- What is required
Transcribe word for word the lines below from the line with "a group of people" through the line with "Ein modernes Wohnzimmer", ends included.

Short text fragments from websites

>>

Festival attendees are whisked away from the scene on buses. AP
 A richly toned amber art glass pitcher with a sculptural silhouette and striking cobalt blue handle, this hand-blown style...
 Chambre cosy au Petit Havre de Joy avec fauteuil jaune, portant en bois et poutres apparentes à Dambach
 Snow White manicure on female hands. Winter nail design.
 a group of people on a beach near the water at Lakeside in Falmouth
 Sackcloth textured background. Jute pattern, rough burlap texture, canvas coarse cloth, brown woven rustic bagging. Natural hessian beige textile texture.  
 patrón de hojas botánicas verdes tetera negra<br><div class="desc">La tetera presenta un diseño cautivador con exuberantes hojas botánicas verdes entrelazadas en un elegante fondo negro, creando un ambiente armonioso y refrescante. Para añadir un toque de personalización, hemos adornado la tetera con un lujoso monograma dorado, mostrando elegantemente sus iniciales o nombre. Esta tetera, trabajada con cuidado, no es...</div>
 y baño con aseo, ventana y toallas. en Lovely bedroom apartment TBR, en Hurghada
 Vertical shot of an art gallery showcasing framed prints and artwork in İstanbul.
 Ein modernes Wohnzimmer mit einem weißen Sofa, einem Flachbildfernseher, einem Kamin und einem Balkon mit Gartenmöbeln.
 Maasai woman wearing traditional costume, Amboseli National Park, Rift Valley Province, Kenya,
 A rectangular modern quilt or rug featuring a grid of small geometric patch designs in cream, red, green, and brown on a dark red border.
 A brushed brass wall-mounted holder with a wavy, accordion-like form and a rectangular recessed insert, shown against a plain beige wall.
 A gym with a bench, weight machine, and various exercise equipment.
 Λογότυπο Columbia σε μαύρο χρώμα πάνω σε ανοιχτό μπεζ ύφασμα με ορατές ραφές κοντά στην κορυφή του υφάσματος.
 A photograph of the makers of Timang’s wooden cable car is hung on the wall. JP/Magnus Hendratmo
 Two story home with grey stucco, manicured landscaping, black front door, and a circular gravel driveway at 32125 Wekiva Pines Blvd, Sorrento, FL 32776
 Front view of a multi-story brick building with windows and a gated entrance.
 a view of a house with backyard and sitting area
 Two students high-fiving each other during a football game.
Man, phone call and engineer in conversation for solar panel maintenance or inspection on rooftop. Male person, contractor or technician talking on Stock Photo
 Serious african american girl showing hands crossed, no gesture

<<

- Problem solution
 a group of people on a beach near the water at Lakeside in Falmouth
 Sackcloth textured background. Jute pattern, rough burlap texture, canvas coarse cloth, brown woven rustic bagging. Natural hessian beige textile texture.  
 patrón de hojas botánicas verdes tetera negra<br><div class="desc">La tetera presenta un diseño cautivador con exuberantes hojas botánicas verdes entrelazadas en un elegante fondo negro, creando un ambiente armonioso y refrescante. Para añadir un toque de personalización, hemos adornado la tetera con un lujoso monograma dorado, mostrando elegantemente sus iniciales o nombre. Esta tetera, trabajada con cuidado, no es...</div>
 y baño con aseo, ventana y toallas. en Lovely bedroom apartment TBR, en Hurghada
 Vertical shot of an art gallery showcasing framed prints and artwork in İstanbul.
 Ein modernes Wohnzimmer mit einem weißen Sofa, einem Flachbildfernseher, einem Kamin und einem Balkon mit Gartenmöbeln.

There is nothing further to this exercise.